Essa absorção se expressa, além das realidades dessas organizações, nesse caso, em falas de Hilton sobre como o PL pela redução seria apenas uma “provocação” para levar os empresários a sentarem com eles e com “representantes” dos trabalhadores para pactuarem uma nova forma de trabalho.
No mesmo sentido vão as tentativas de conciliar a proposta com um suposto viés técnico baseado na possibilidade de “melhorar a vida dos trabalhadores” enquanto “aumenta e melhora a produtividade e competitividade das empresas”. Restaria perguntar: produtividade para que? E para quem?
Igualmente indignantes são os exemplos de covardia no início de uma luta histórica expressa por representantes desse tipo de esquerda, tentando barganhar com alguma ficção de empresariado esclarecido que a redução seja gradual, um ano a cada ano por cerca de dez anos, como um sinal de boa fé e gentileza que os escravos devem apresentar para a mão que os chicoteia.
Trabalhadores excluídos da vida social, absorvidos pelo cotidiano do trabalho assalariado cada vez mais evidente em seu caráter compulsório e escravizado socialmente, que vivem de aluguel por toda a vida, de salário em salário, sem prazeres ou economias, apinhados nos ônibus e metrôs lotados, nas filas de hospitais, sacrificados como animais pela polícia ou pelas doenças laborais, tem o que a ganhar com a competitividade? Deveriam se preocupar com lucros ou adequações do patrão por que razão? Essas preocupações devem valer mais do que suas necessidades e interesses imediatos?
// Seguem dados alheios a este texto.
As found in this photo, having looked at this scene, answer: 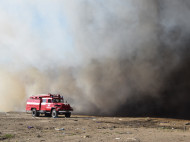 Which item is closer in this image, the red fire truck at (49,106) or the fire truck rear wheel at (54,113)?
the fire truck rear wheel at (54,113)

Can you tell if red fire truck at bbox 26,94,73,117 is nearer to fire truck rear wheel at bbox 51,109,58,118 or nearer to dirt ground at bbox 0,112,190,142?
fire truck rear wheel at bbox 51,109,58,118

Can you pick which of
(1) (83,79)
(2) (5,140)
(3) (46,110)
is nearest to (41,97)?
(3) (46,110)

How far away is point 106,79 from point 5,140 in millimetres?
18218

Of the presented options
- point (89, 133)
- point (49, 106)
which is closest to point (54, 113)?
point (49, 106)

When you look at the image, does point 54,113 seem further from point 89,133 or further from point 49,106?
point 89,133

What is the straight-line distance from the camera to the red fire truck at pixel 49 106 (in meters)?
18.5

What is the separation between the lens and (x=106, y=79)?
2545 centimetres

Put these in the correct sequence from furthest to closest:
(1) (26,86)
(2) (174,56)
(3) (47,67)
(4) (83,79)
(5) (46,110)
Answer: (1) (26,86) < (3) (47,67) < (4) (83,79) < (2) (174,56) < (5) (46,110)

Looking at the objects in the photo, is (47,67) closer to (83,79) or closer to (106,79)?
(83,79)

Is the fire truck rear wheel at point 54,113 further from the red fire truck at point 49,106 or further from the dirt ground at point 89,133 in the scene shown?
the dirt ground at point 89,133

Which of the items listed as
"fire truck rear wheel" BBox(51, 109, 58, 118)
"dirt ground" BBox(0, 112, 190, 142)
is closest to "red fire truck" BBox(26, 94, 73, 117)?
"fire truck rear wheel" BBox(51, 109, 58, 118)

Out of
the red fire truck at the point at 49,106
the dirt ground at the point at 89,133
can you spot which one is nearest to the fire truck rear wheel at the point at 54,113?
the red fire truck at the point at 49,106

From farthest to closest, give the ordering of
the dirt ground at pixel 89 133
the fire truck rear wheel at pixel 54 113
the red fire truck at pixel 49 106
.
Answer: the red fire truck at pixel 49 106 → the fire truck rear wheel at pixel 54 113 → the dirt ground at pixel 89 133

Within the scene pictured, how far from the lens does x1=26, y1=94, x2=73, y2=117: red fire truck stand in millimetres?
18516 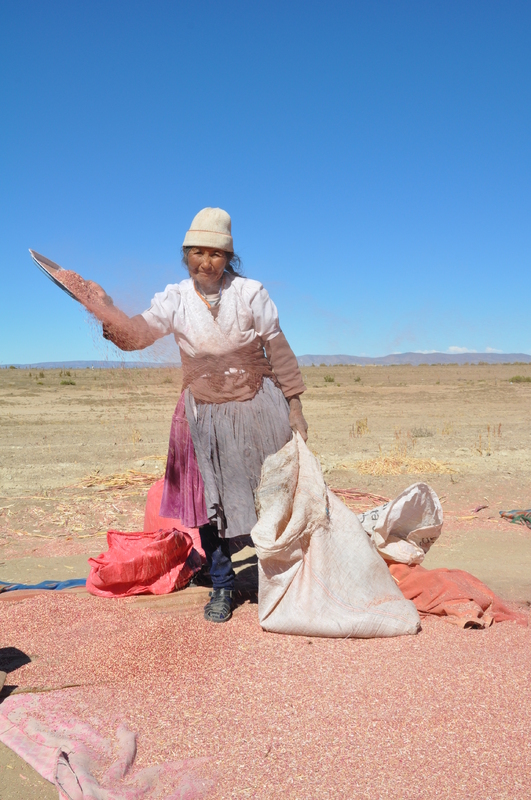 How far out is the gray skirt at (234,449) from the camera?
3.27m

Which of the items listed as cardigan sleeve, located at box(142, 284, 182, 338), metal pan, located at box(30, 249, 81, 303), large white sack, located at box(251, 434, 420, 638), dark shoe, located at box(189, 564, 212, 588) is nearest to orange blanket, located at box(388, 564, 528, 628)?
large white sack, located at box(251, 434, 420, 638)

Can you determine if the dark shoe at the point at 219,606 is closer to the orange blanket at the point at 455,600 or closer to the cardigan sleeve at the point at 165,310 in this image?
the orange blanket at the point at 455,600

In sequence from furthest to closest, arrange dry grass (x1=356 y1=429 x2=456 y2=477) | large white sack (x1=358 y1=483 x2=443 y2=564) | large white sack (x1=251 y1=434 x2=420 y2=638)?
dry grass (x1=356 y1=429 x2=456 y2=477), large white sack (x1=358 y1=483 x2=443 y2=564), large white sack (x1=251 y1=434 x2=420 y2=638)

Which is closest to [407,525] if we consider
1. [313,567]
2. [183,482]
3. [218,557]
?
[313,567]

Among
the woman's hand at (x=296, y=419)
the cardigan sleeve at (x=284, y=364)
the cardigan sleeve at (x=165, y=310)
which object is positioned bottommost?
the woman's hand at (x=296, y=419)

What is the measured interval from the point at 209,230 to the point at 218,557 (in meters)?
1.64

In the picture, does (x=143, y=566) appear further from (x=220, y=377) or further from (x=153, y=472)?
(x=153, y=472)

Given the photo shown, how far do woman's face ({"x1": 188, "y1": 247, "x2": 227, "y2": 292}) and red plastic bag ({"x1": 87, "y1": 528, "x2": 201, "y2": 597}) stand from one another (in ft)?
4.88

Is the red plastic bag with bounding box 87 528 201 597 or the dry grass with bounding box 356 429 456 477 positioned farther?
the dry grass with bounding box 356 429 456 477

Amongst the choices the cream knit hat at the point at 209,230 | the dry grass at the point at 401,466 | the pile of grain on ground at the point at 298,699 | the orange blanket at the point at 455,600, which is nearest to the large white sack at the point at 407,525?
the orange blanket at the point at 455,600

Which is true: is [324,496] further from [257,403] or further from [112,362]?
[112,362]

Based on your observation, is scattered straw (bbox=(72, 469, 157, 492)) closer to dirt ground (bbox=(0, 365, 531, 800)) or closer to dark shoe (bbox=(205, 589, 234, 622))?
dirt ground (bbox=(0, 365, 531, 800))

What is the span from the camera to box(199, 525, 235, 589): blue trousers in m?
3.42

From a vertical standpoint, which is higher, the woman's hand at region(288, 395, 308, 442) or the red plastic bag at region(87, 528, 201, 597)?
the woman's hand at region(288, 395, 308, 442) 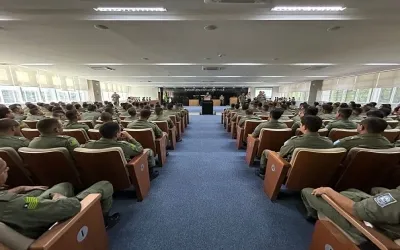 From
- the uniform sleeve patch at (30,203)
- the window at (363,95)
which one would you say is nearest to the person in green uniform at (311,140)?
the uniform sleeve patch at (30,203)

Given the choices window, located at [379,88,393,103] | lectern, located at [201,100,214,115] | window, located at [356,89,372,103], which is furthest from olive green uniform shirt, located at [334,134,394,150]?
window, located at [356,89,372,103]

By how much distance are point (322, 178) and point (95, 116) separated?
15.8ft

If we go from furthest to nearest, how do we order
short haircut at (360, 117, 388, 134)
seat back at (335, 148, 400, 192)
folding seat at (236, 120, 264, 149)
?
folding seat at (236, 120, 264, 149), short haircut at (360, 117, 388, 134), seat back at (335, 148, 400, 192)

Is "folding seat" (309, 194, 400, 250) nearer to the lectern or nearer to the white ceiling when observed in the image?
the white ceiling

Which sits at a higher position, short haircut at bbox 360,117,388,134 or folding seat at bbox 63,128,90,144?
short haircut at bbox 360,117,388,134

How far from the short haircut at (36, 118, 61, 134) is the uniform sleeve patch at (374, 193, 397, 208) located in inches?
112

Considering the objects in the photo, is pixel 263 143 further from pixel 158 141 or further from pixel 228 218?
pixel 158 141

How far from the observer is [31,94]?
30.6 feet

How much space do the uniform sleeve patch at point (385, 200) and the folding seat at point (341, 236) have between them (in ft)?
0.54

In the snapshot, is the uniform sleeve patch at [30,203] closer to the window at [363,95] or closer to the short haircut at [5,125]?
the short haircut at [5,125]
Essas são as vias para esvaziar as ruas, mentes e corações e inflar a democracia liberal em crise (em todo o planeta), enquadrando as demandas populares, vestindo-as com as cores aceitáveis, suavizando, domesticando e desidratando o ânsia de mudança popular, posando como suposta via de solução das conquistas sociais, quando são, na realidade, sua cova.
Ocorre que, como a “antiga pauta absurda” de sua época (o décimo terceiro salário; ou a jornada de 8 horas; ou o voto ferminino; ou as férias; ou o salário mínimo; ou a reforma agrária; ou a abolição da escravidão) toda grande conquista social (e política, organizativa e ideológica) só vêm como subproduto de uma luta revolucionária, até as últimas consequências, apoiada numa ação decidida e consciente de trabalhadores que sabem pelo que lutam.
Essa ação é chave para a mudança profunda e sustentada da correlação de forças, tirando da defensiva as ideias e práticas de uma esquerda classista e trabalhadora, ao mesmo tempo em que desmascara seus inimigos históricos expressos no famigerado centrão, bolsonarismo e em toda a gangue de fantoches da burguesia brasileira e associada.
Às ruas, aos locais de trabalho, em cada canto do país é preciso lutar e dizer que a luta pela redução da jornada é uma luta pela vida dos trabalhadores e pela transformação de sociedade de misérias! É possível uma vida digna, revolucionada, solidária, coletiva e socialista!
Essa luta é a chave para abrir as portas de uma nova situação para a organização, consciência, condições de vida e luta por transformações profundas pelos trabalhadores.